Charles Brady was born in New York, America, in 1926. Following time spent in the US Navy aboard an aircraft carrier in the Pacific, studying at the Art Students’ League and working as a guard in the New York Metropolitan Museum, Brady moved to Ireland in 1955. Settling in Dun Laoghaire with his wife Eelagh in 1962, Brady resisted the tendency towards abstraction that was popular on both sides of the Atlantic throughout much of his career. Instead he painted small-scale figurative works that returned again and again to the same simple subject matter - white tennis shoes, hats, bus tickets, envelopes, wallets and cottages. 

Charles Brady won the Douglas Hyde Gold Medal at the 1973 Oireachtas Exhibition, the PJ Carroll Award at the Living Art Exhibition 1978, the Landscape Award at the 1975 Oireachtas and the Keating/McLoughlin Medal awarded by the ESB at the 1996 RHA Annual Exhibition. He was one of the founding members of the Independent Artists and their annual group shows that took place from 1960 onwards. In 1994 Brady was elected as an Honorary member of the Royal Hibernian Academy and he was also a member of Aosdána.

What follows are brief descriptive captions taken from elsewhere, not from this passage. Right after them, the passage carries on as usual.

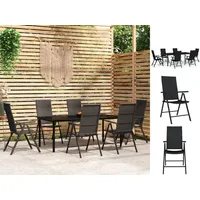 VidaXL Garten-Essgruppe 7-tlg. Schwarz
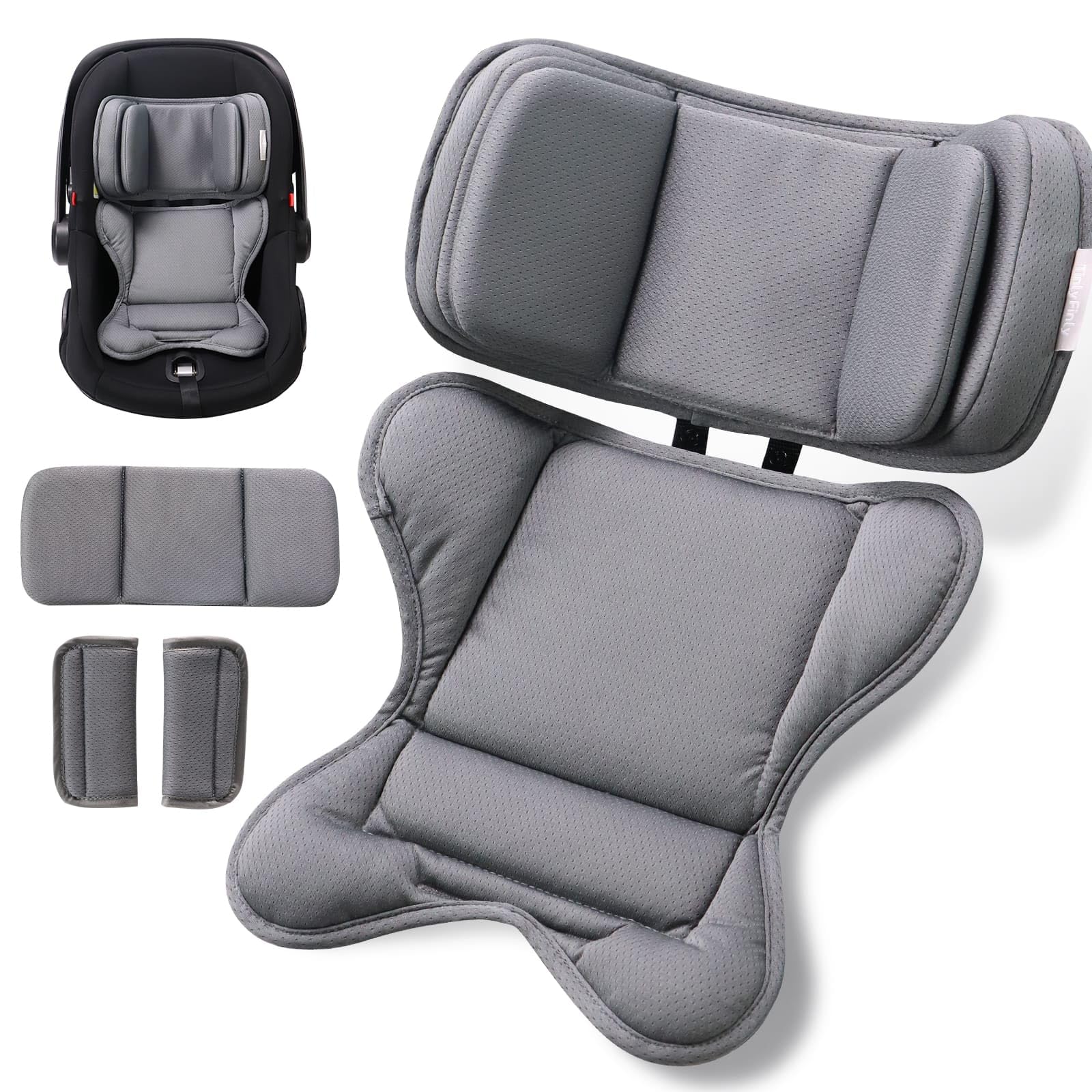 TinlyFinly infant insert softness-foam demonstrates enhanced comfort and shape retention for car rides.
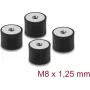 Delock antivibrante M8 x 1,25 mm D 30 x H 20 mm con 2x filettatura interna 4 pezzi nero (60827)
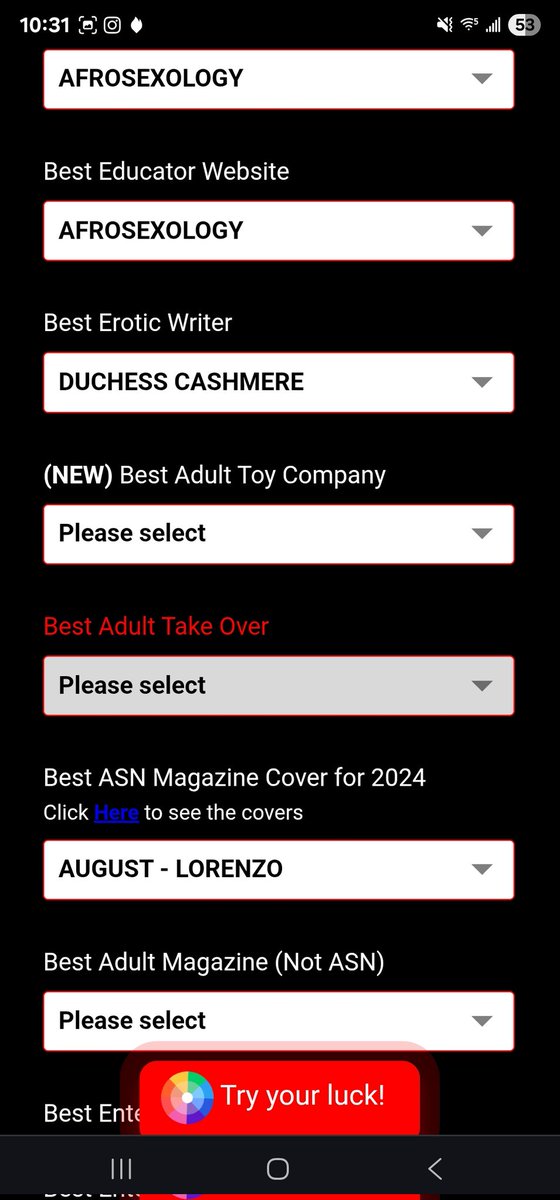 Burbank Misfits & Sarah Lace (@burbankmisfits) on Twitter photo Asnlifestylemagazineawards.com/vote-4-13-2025 <a href="/ASNAWARDS/">ASN AWARDS</a> <a href="/ASNLifestyleMag/">ASN Lifestyle Magazine ™</a>
Vote daily
Best photographer: <a href="/rawstarr/">Prince Rawstarr PR™</a>
Best Podcast: the misfit effect <a href="/iamSarahLace/">Sarah Lace 🇭🇳🍑</a>
new business: <a href="/AdultIndUni/">Adult Industry University</a> <a href="/RealBreeSky/">Bree Sky</a>
bbw <a href="/bbwjulieginger/">Julie Ginger</a>
trans: <a href="/leilani_li/">✨ leilani Li 🪐</a>
mag <a href="/EroticSkyMag/">Erotic Sky Magazine</a>
Coverc@Lorenzo4016
Writer <a href="/DuchessCashmere/">DuchessCashmere</a> Asnlifestylemagazineawards.com/vote-4-13-2025 <a href="/ASNAWARDS/">ASN AWARDS</a> <a href="/ASNLifestyleMag/">ASN Lifestyle Magazine ™</a>
Vote daily
Best photographer: <a href="/rawstarr/">Prince Rawstarr PR™</a>
Best Podcast: the misfit effect <a href="/iamSarahLace/">Sarah Lace 🇭🇳🍑</a>
new business: <a href="/AdultIndUni/">Adult Industry University</a> <a href="/RealBreeSky/">Bree Sky</a>
bbw <a href="/bbwjulieginger/">Julie Ginger</a>
trans: <a href="/leilani_li/">✨ leilani Li 🪐</a>
mag <a href="/EroticSkyMag/">Erotic Sky Magazine</a>
Coverc@Lorenzo4016
Writer <a href="/DuchessCashmere/">DuchessCashmere</a>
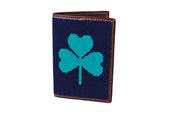 Shamrock Needlepoint Passport Case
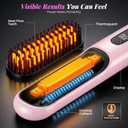 Go Brush Pro 2026, Cordless Hair Straightener Brush, Mini Hair Straightener with 4 Temperature Settings, Portable Hair Straightener Brush with MCH Heating and Ionic & Ceramic Care for Women (Pink)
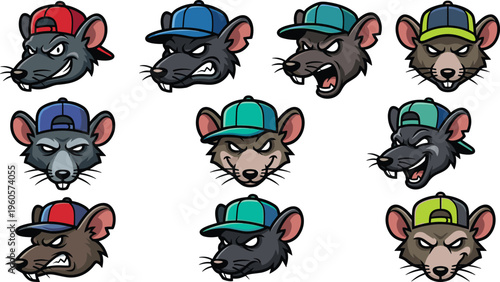 Set of Cartoon Rat Head Icons with Various Expressions and Baseball Caps in Bold Style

His work has been exhibited widely in both his native America and Ireland, with solo exhibitions in the Urban and Babcock Galleries in New York; Davis Gallery, Dublin; and Grant Fine Arts, Belfast. The RHA held a major posthumous retrospective of his work in 2002 and his work is included in the public collections of Bank of Ireland, the Ulster Museum, Dublin City Gallery The Hugh Lane, AIB, the Arts Council of Ireland and the Arts Students League, New York. Charles Brady died in 1997.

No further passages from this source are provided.